• _Exercise description_:
After locating the line with "Miniatura del documento TEMA-13.pdf", repeat it and every following line to the end of the listing, exactly. Omit the pictures.

• _Supplied data_:

---*---

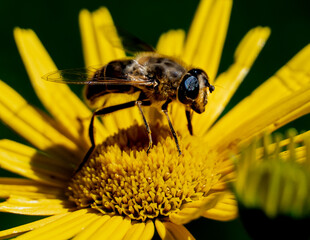 bee on yellow flower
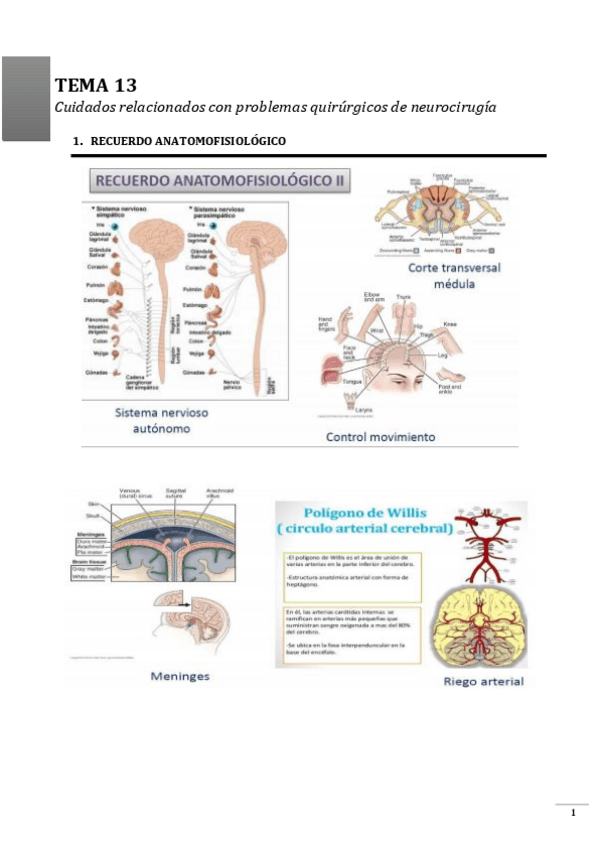 Miniatura del documento TEMA-13.pdf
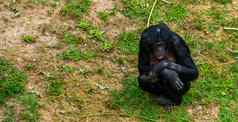 特写镜头女倭黑猩猩人类猿俾格米人黑猩猩濒临灭绝的动物specie非洲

---*---

• _Final answer_:
 Miniatura del documento TEMA-13.pdf
 特写镜头女倭黑猩猩人类猿俾格米人黑猩猩濒临灭绝的动物specie非洲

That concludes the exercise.